中西信洋「Saturation」(今日の作家シリーズ45)大阪府立現代美術センター)を見る。
 昨年(2005年2月26日(土)〜3月26日(土))ノマルエディション/プロジェクト・スペース CUBE & LOFTで開催された個展、中西信洋展 「-彫刻の単位-」もよかったのだけれど、検索してみるとこのサイトでは書き損なっていたみたい。今回もよかったのだが、書くのが遅れてしまったので、備忘録の意味もこめて、とりあえずここに書いておく。
 今回のメインは国際芸術センター青森のレジデンス事業にて制作した作品である。中西はこれまで液体に溶けて広がっていくお茶の葉や紙やフィルムの焼け跡、インクの染み、溶けていくアイスクリームなどを時間をずらして35ミリのポジフィルムに撮影し、それをそれぞれ24枚ずつ重ね合わせたものを白いライトテーブルに配置し、フィルムの下から光を当てて覗いてみるという「Layer Drawing」という連作を制作してきた*1が、今回の新作はそのコンセプトを延長して拡大した作品である。
 「Layer Drawing-Fog」と「Layer Drawing-Cloud」の2点があるが、前者は青森周辺の深い森を歩きながら見える風景を移動して撮影、後者は山頂にカメラを据え付けそこから見える雲の流れていく姿と山に沈んでいく夕日を一定時間の間隔で定点撮影したもので、そうして撮影された100枚の写真を1メートル四方の透明フィルムにプリントしたうえで、それを天井からドーナツ状につるしたものだ。

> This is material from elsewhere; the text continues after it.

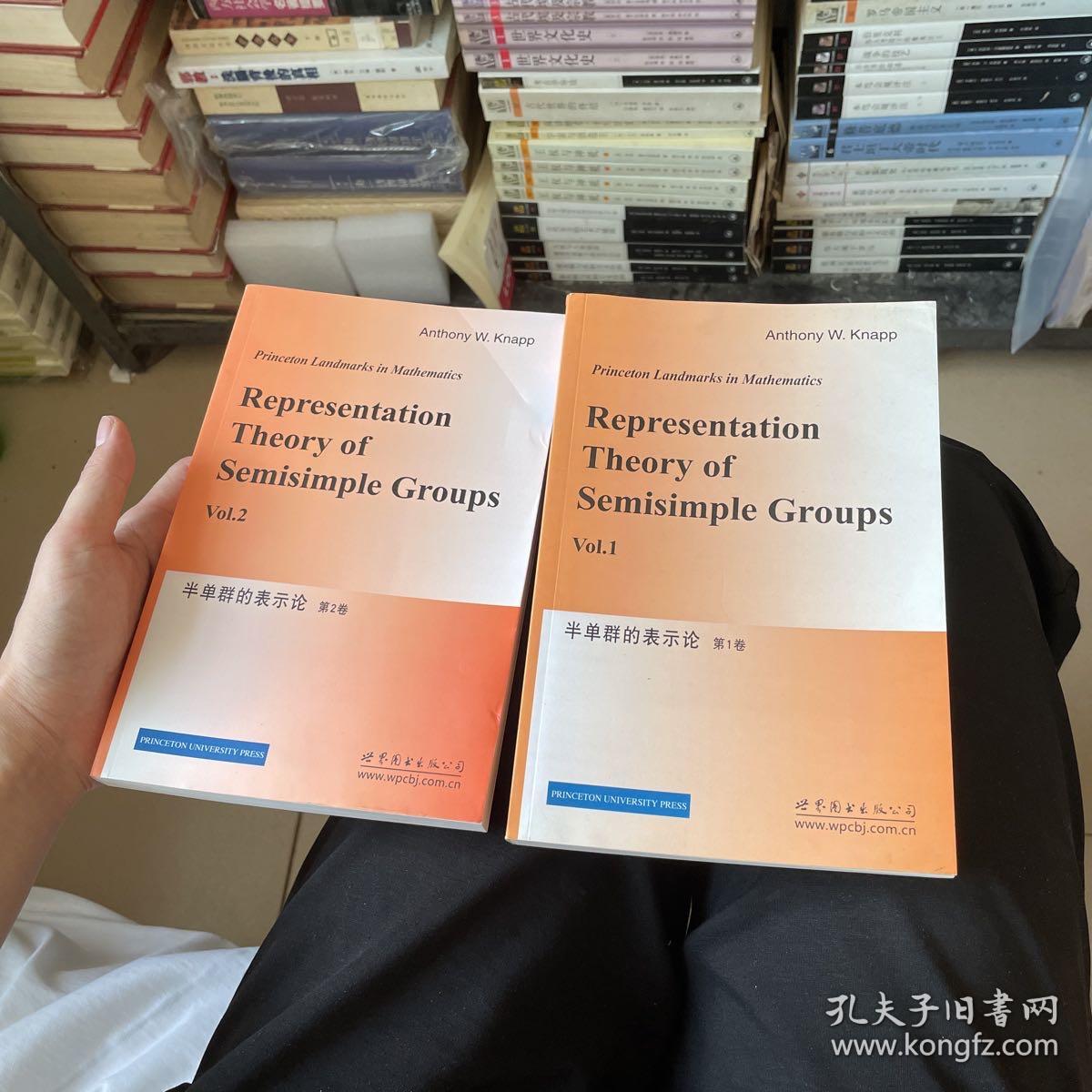 半单群的表示论（第12卷）全两册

 1枚のフィルムは平面である写真を素材としたものではあるが、それが重ね合わされて展示されることで、透明な部分から1枚のフィルムを通して、複数のフィルムに写された画像が透けて見えて、全体としては立体の造形物のように見えるところがこの作品の面白いところだ。

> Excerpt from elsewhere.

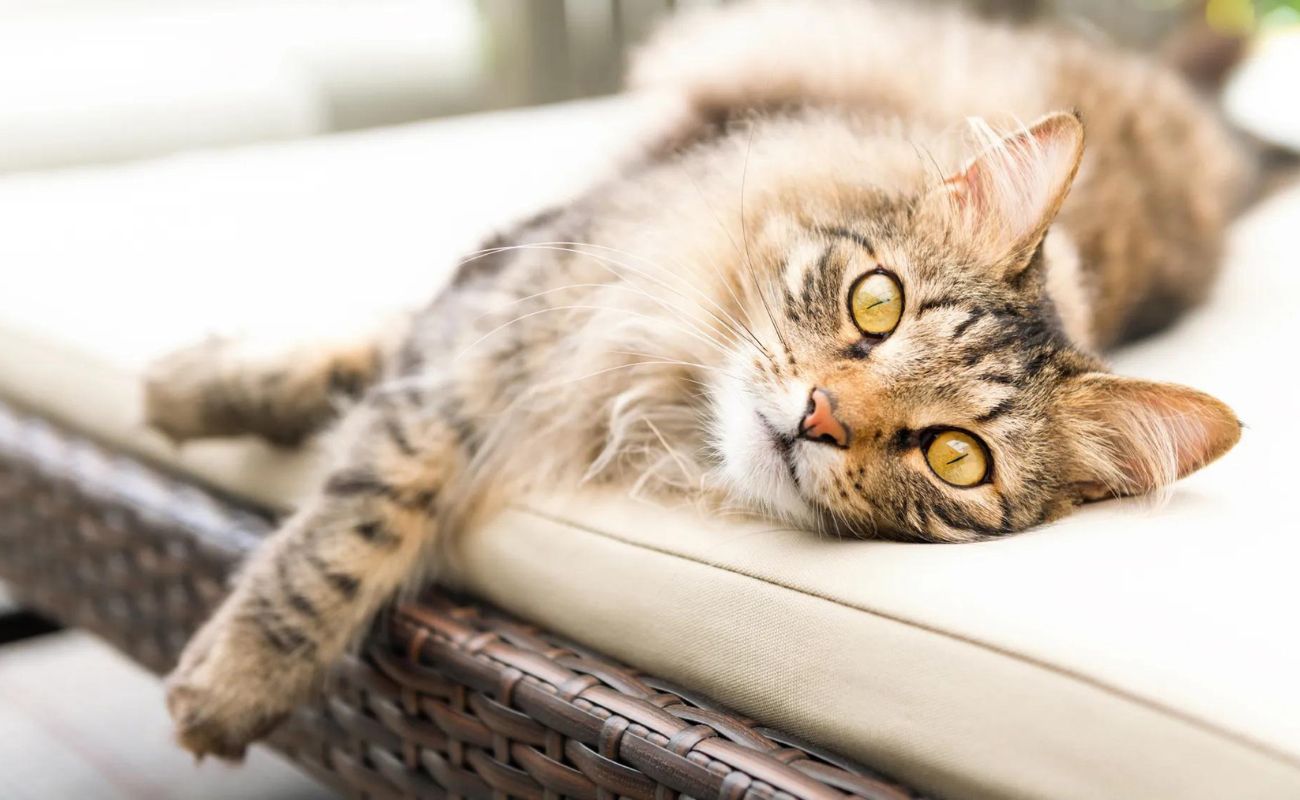 How To Keep Cats Off Your Patio Furniture | Storables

 もっとも、今回の作品では2つの作品はひとつずつ異なるコンセプトを持つ。一定時間の間隔で定点撮影した「Layer Drawing-Cloud」では通常は運動という形で表現される時間の流れを空間として可視化して、真空パックのように閉じ込めたようにも見えるし、移動撮影の「Layer Drawing-Fog」の方はドーナツ状の展示物に沿って移動していくと、あたかも森がそこにあってそれを見る私たちもその深い森のなかに分け入ったかのような不思議な眩暈感覚に襲われる。